I thought about those little landslides there,
and labyrinths, those slender tree trunks, and a solitary
sinking into the mire in the darkness
and savoring groundless anxiety, being lost, the shivers,
I resorted to childhood Prealpine images
of cyclamens, of damp, of fragrances,
to keep myself moving forward
among the fine paths covered up by night.

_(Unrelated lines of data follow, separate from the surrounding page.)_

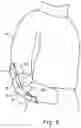 Fig. 03 - MODULAR PROTECTIVE SYSTEM FOR JOINTS, METHOD, AND KIT
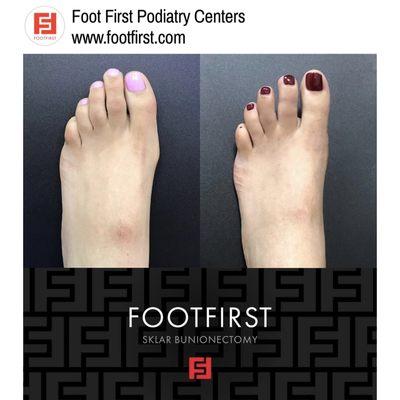 The Sklar Bunionectomy® and Toe Shortening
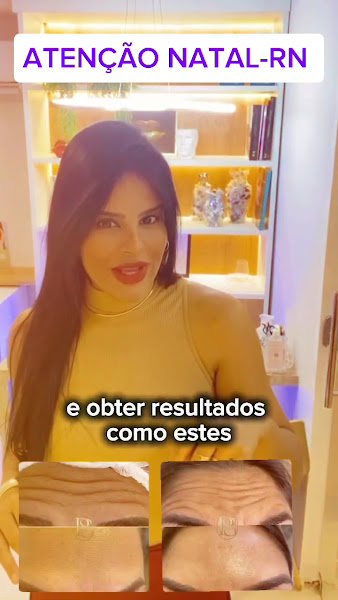 Foto 3 de Dra. Paula de Sá - Harmonização Facial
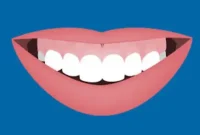 Transforming Your Gummy Smile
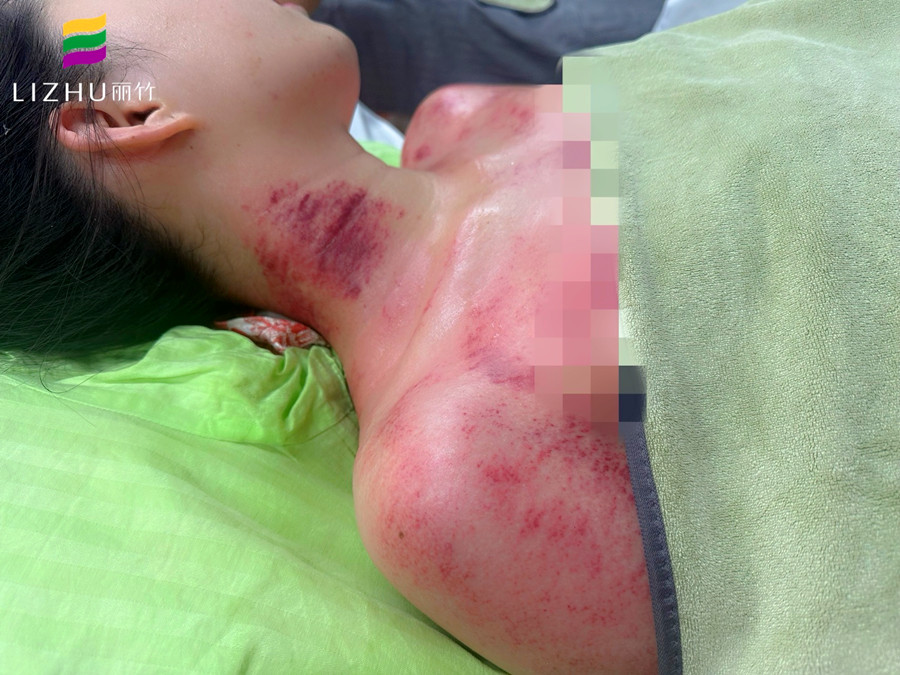 廣西學(xué)刮痧培訓(xùn)班 | 廣西學(xué)刮痧學(xué)費(fèi)多少？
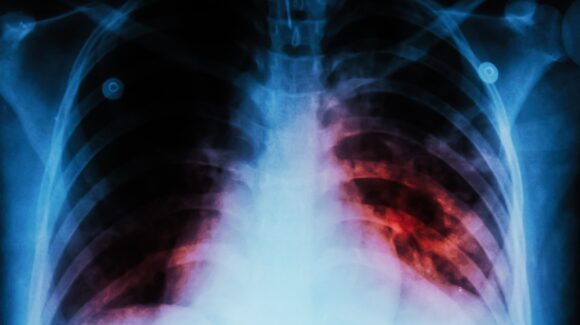 Piden en el Congreso de Nuevo León reforzar el seguimiento de tratamientos contra la tuberculosis para evitar cepas resistentes
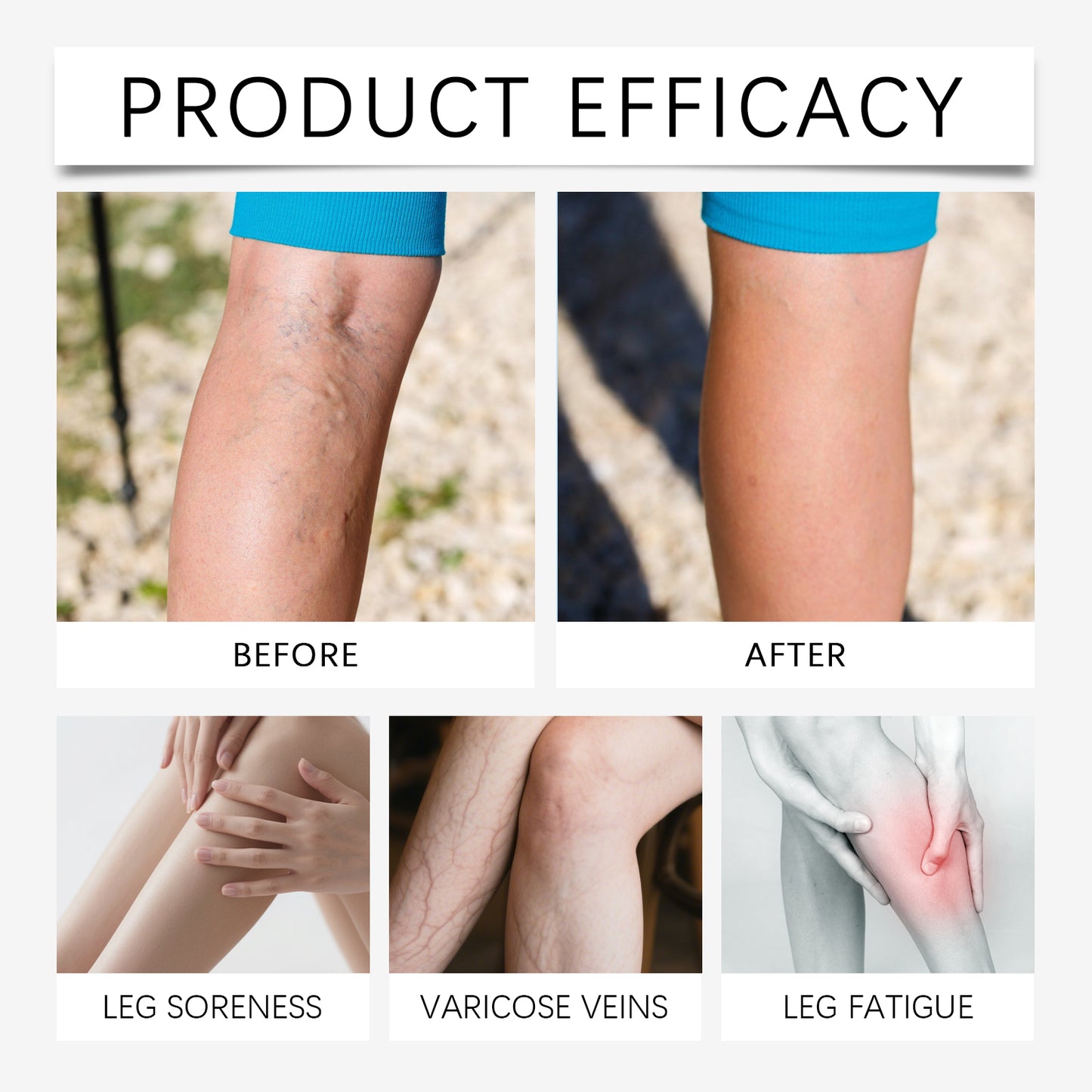 VeinTarget Microneedle Patch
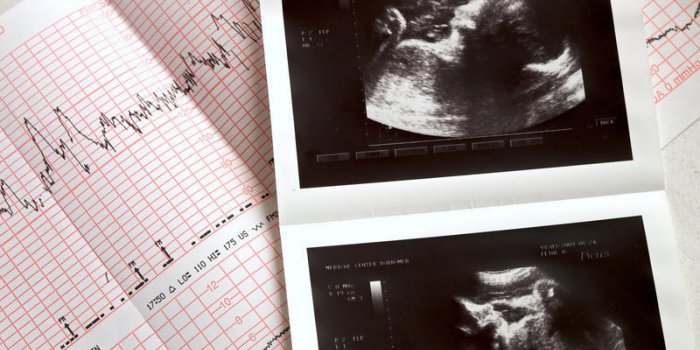 L-hydrocephalie chez le fœtus se voit-elle a l-echographie ?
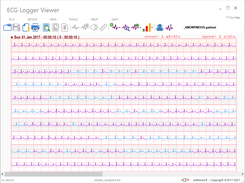 ECG Logger Viewer: browser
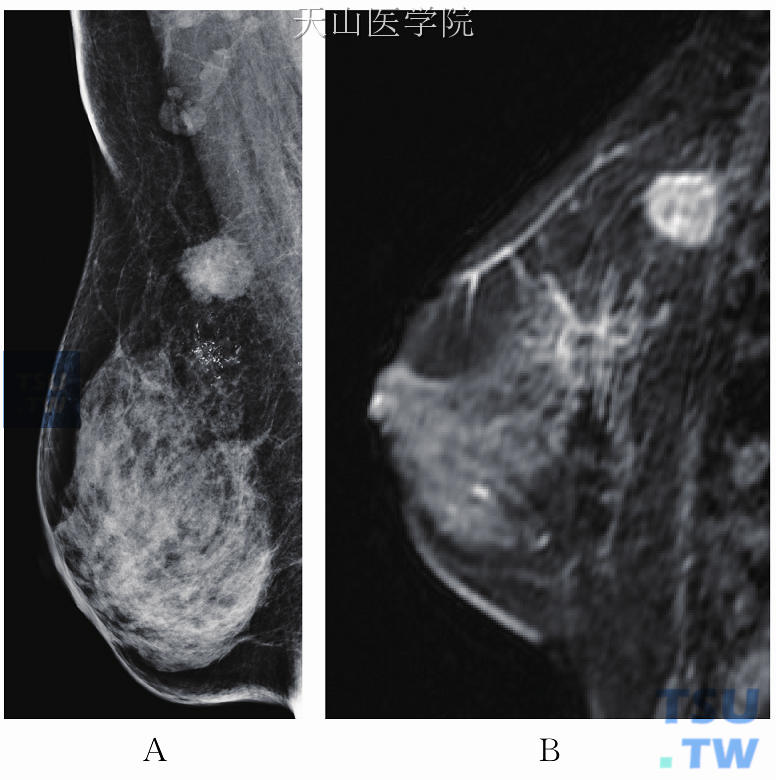乳腺常见病变的MRI表现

But those guys who came knocking,
in the dark hours of wind and thunderstorm,
on the door of our little cabin and woke us up,
had more modest mysteries in their shoes
and so they would have been chewed up by the brake
or else they would have found themselves caressed
tenderly in the silence by some snake.
* * *
We are all individuals as distinct
from one another as the cobblestones.
I am a blister, I am a bladder
and I ooze myself from my very being.
* * *
Vacation opens up for us a sweet
void of complete suspension and on setting off
it stirs us up and endlessly breathes free.
I love the people of the month of August
floating in the air
and in the drowsy weather.
I love the anonymous crowd
quietly exploring the promenades
and laughing by the sea in an open-air cafe.
A beat-up old hat on my head,
I’m here already waiting for the bus.
I’m always turned around,
eyes always on the climb,
but the island’s disappeared in the meantime.